VA innovators see home-grown ideas spread far and wide across veterans health network

The Veterans Health Administration's Innovation Ecosystem is bigger than ever, and employees are still eager to pitch their own ideas -- even when the funding n...


Like much of the healthcare industry, the Department of Veterans Affairs is grappling with three “colossal forces:” a growing elder population, skyrocketing health care costs and a shortage of quality providers.

VA has no choice but to change the way it does its business, said Tom Osborne, director of the VA National Center for Collaborative Healthcare Innovation.

“Change will be hard for some, and as a result some may lobby that we stay the course,” he said last week at the department’s “Innovation Experience” in Washington. “But there should be no misguided notions for us. Doing things the way we always have will never solve these colossal problems.”

Luckily, employees at the Veterans Health Administration have no shortage of new ideas, big and small.

There’s “InformaVet,” a text messaging tool to keep families and up to date throughout a veteran’s surgery or lengthy procedure.

Or a program to virtually check patients’ blood pressure.

These are just two of the dozens of the ideas VA employees presented last week at the two-day “Innovation Experience” in Washington. They’re hoping their pitches will earn them a spot on the Veterans Health Administration’s Innovators Network and “Spark-Seed-Spread” investment program, which gives employees the space and resources to cultivate their ideas.

Since 2015, VA employees have submitted more than 2,000 ideas since to the department’s “shark tank” competition. At least 47 ideas have reached “gold star” status in the VHA’s Diffusion of Excellence initiative.

“While we’re asking veterans to trust in us and we seek to continuously earn their care, it’s also vitally important that our employees choose VA each and every day as a place to innovate, that you all believe that when you contribute excellence to this organization [and] when you do something great, that it’s going to be valued as such, that it’s going to be given a platform and you do have the possibility of replicating it,” Blake Henderson, acting director of VA’s Diffusion of Excellence program, said.

At least a handful of VA-employee generated ideas have been implemented across much of the VA medical system.

A tooth brushing program designed to prevent hospital-acquired pneumonia among veterans has been adopted at 42 VA sites. So far, the department estimates it’s prevented at least 268 pneumonia infections in patients.

VHA’s Rapid Naloxone initiative, which simply equips VA police officers with injection kits in the event of opioid overdose, has spread to 116 VA medical facilities.

Naloxone is a medication used to immediately block or reverse the effects of an opioid overdose.

VA’s 3D Printing Network has also taken off in the past year, the department said.

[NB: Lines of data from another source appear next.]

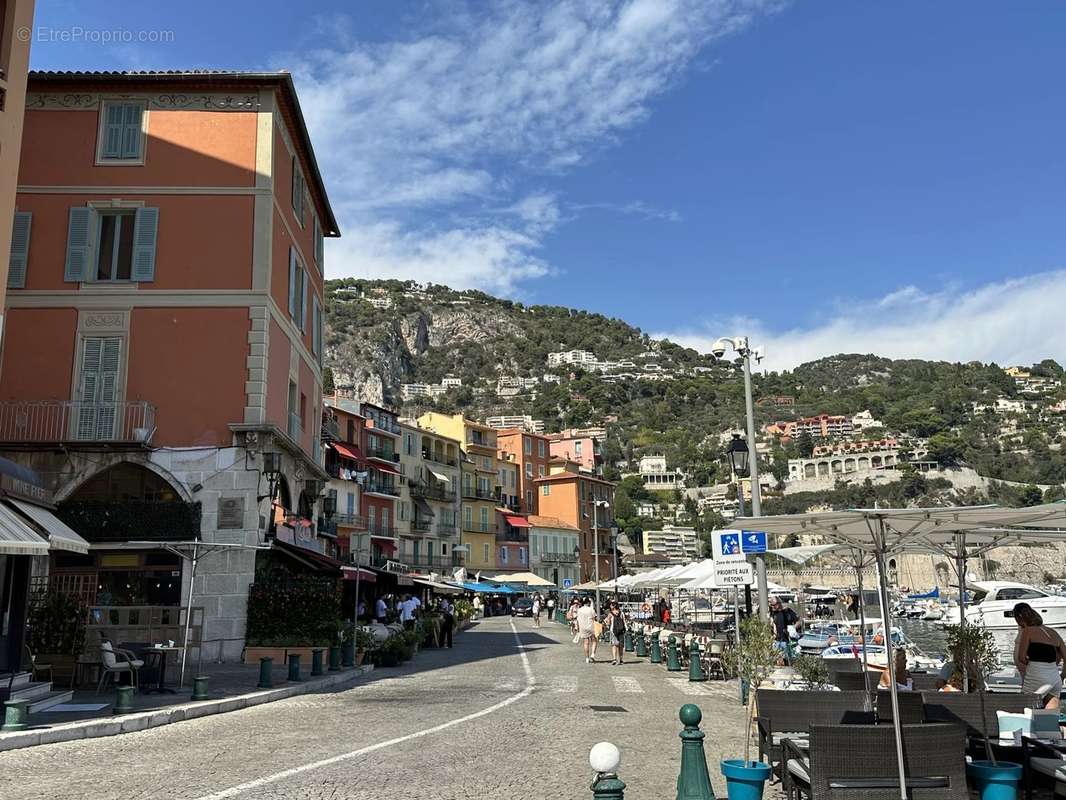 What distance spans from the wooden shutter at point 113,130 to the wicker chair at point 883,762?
897 inches

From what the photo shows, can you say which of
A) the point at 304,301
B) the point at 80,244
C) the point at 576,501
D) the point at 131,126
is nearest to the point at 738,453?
the point at 304,301

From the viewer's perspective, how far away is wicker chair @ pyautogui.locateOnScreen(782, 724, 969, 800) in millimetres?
5922

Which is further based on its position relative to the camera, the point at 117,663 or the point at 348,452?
the point at 348,452

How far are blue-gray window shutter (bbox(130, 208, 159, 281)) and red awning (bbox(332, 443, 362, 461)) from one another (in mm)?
25351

Three VA hospitals had 3D printing labs back in 2017; today there are more than 30.

“From a scaling perspective that’s actually enormous, because the amount of technology and the resources and the expertise it takes to do 3D printing [with] quality and to ensure that the precision of the replicable model is there, it’s enormous,” Ryan Vega, executive director of the VHA Innovation Ecosystem, said in an interview. “The fact that it has scaled that large is a testament to the network and some of innovative infrastructure that exists with VA.”

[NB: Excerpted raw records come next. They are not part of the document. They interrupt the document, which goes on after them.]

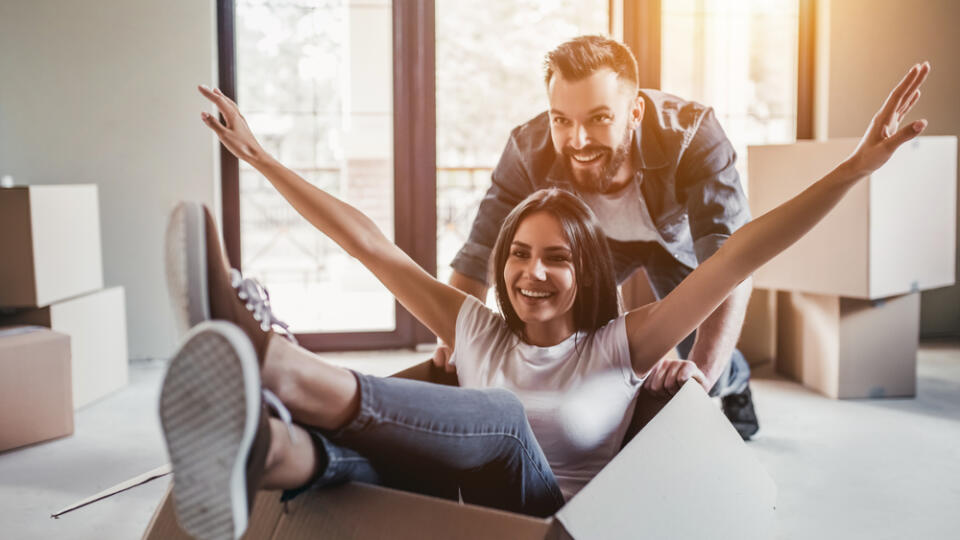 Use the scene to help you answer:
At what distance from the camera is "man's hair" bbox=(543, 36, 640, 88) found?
6.12 ft

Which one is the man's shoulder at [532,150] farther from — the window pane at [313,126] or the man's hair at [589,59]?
the window pane at [313,126]

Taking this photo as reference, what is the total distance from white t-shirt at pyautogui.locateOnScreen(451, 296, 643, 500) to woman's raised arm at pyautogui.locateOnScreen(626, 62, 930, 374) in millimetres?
61

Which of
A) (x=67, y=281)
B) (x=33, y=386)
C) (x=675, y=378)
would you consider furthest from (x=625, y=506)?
(x=67, y=281)

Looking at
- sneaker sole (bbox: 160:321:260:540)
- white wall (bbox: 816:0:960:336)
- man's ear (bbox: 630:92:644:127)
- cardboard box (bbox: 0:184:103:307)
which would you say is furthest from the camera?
white wall (bbox: 816:0:960:336)

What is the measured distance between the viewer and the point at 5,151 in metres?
3.39

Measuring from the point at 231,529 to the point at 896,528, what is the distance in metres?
1.56

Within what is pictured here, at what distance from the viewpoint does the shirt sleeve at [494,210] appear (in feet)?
6.99

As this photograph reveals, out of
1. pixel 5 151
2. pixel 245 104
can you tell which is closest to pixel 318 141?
pixel 245 104

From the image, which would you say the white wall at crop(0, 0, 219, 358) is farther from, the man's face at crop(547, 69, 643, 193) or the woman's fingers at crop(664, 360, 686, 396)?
the woman's fingers at crop(664, 360, 686, 396)

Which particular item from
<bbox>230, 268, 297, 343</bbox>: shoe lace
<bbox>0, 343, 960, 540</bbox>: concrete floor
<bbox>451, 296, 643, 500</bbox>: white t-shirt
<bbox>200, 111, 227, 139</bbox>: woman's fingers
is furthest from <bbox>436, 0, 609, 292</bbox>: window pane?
<bbox>230, 268, 297, 343</bbox>: shoe lace

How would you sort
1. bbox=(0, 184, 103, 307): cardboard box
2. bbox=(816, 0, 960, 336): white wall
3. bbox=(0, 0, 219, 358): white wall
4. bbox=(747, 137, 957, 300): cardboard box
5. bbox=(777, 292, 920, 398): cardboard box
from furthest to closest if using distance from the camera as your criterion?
bbox=(816, 0, 960, 336): white wall → bbox=(0, 0, 219, 358): white wall → bbox=(777, 292, 920, 398): cardboard box → bbox=(747, 137, 957, 300): cardboard box → bbox=(0, 184, 103, 307): cardboard box

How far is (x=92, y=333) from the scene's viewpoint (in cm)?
296

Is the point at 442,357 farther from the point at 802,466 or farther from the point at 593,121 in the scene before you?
the point at 802,466

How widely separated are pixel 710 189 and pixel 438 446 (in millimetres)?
1151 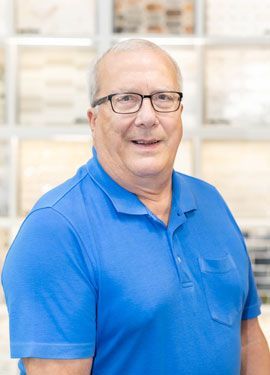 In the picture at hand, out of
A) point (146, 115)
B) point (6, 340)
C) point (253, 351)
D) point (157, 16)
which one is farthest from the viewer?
point (157, 16)

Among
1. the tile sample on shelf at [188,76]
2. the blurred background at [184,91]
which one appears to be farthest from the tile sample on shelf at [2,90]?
the tile sample on shelf at [188,76]

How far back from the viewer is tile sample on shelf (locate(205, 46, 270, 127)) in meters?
2.54

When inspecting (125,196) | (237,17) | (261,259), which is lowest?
(261,259)

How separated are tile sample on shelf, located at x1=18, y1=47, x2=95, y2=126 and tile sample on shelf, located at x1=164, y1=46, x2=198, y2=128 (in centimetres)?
34

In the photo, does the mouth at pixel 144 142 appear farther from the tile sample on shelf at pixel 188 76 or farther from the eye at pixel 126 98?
the tile sample on shelf at pixel 188 76

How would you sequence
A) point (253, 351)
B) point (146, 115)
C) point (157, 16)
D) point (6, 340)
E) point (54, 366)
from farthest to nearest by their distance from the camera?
point (157, 16), point (6, 340), point (253, 351), point (146, 115), point (54, 366)

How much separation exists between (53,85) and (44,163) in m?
0.31

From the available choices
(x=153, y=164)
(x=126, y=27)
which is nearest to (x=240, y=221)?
(x=126, y=27)

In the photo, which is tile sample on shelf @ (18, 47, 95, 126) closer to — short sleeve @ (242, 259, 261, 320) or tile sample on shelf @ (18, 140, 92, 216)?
tile sample on shelf @ (18, 140, 92, 216)

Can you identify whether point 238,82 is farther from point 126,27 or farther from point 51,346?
point 51,346

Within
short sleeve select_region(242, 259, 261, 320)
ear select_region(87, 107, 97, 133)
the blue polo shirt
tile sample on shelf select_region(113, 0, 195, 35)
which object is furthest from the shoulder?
tile sample on shelf select_region(113, 0, 195, 35)

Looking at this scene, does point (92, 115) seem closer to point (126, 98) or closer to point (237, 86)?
point (126, 98)

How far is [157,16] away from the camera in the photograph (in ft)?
8.21

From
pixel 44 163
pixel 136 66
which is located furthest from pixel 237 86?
pixel 136 66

And another practice designed to reduce the risks associated with too many prescriptions has prevented veterans from using more than 116,000 unnecessary medications. The program has spread to 32 VA facilities and impacted 54,000 veterans.

To generate more interest and awareness in these employee-generated innovations, VA will formally launch an online “Diffusion Marketplace” in January. The marketplace will feature 53 vetted best practices from VA employees that have been replicated at two VA sites or more.

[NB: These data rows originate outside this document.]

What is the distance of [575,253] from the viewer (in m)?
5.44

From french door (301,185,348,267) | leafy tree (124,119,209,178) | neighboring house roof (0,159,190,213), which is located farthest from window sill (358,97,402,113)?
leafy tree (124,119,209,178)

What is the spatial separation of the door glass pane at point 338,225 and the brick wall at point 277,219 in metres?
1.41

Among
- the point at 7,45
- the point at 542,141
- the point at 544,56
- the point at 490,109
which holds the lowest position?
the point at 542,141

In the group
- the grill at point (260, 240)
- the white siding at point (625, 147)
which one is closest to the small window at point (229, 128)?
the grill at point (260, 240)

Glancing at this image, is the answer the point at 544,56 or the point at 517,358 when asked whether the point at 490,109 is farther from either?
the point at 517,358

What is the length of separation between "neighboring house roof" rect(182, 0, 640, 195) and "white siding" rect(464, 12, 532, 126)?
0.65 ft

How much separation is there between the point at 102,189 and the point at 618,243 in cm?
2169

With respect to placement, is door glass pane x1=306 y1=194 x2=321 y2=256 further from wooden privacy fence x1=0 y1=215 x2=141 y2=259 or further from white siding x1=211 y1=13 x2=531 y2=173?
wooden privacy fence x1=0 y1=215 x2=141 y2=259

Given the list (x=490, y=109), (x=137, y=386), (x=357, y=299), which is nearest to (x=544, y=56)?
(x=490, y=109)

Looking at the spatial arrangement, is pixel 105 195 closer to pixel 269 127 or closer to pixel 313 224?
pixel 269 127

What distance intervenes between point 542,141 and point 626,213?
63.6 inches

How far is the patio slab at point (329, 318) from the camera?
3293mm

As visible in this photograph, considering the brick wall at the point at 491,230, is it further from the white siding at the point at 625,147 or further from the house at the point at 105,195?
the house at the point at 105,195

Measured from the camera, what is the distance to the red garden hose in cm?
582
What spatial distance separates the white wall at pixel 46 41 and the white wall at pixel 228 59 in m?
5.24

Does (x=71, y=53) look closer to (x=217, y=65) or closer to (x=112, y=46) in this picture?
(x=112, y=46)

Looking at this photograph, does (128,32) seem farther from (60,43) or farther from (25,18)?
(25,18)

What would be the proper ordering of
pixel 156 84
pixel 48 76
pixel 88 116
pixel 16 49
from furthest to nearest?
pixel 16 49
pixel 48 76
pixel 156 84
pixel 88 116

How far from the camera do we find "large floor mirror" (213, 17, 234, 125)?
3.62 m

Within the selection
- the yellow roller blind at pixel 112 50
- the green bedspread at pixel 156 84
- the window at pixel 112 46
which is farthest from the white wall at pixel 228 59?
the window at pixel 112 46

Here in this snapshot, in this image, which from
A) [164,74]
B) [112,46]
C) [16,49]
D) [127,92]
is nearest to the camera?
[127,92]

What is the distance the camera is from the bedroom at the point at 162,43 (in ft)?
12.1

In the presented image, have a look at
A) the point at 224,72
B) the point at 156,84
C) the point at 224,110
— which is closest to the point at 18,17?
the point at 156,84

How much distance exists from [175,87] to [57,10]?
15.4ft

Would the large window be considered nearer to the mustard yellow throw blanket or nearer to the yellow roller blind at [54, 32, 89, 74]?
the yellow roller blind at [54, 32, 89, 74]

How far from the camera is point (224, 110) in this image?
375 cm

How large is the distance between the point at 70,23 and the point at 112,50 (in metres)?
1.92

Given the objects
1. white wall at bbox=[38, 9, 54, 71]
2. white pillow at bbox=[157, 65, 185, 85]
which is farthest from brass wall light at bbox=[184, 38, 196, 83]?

Vega said the goal was to create an online catalog of VA-generated ideas and model the site after an Amazon-like web experience.

“It’s the feel of buying something online,” he said. “It has a couple of other elements. You go on, you see the practice, you can see how much it costs [and] what the complexity is. This is actually something really important that we don’t ever talk about. I may know what my neighbor down the street is doing, but I don’t know how much it costs. I don’t know if it’s right for my facility. Making all that information now transparent in a mechanism or a format that we all interact with on a day-to-day basis, we think is really powerful for not only connecting people across the country but for helping spread these practices.”

Innovation is often messy and chaotic, Vega said, and not all ideas get seed funding to grow. For the first time, VA saw a large number of “zero-dollar” investments, which Vega said shows just how interested employees are in developing and improving on their own ideas.

“There’s access to a network,” he said. “There’s access to opportunities to tell your story, to meet other folks who bring your idea further along to where it is ready for an investment.”

VA is also partnering with FedTech, a start-up studio for federal agencies, which will provide formal training for employees on how to further pitch, test and validate their ideas.

“It’s taking a leap behind what’s a really good idea to is it the right solution to implement for the veteran, the caregiver or for the workforce,” Vega said. “There’s so much these individuals can still do that doesn’t cost a dollar.”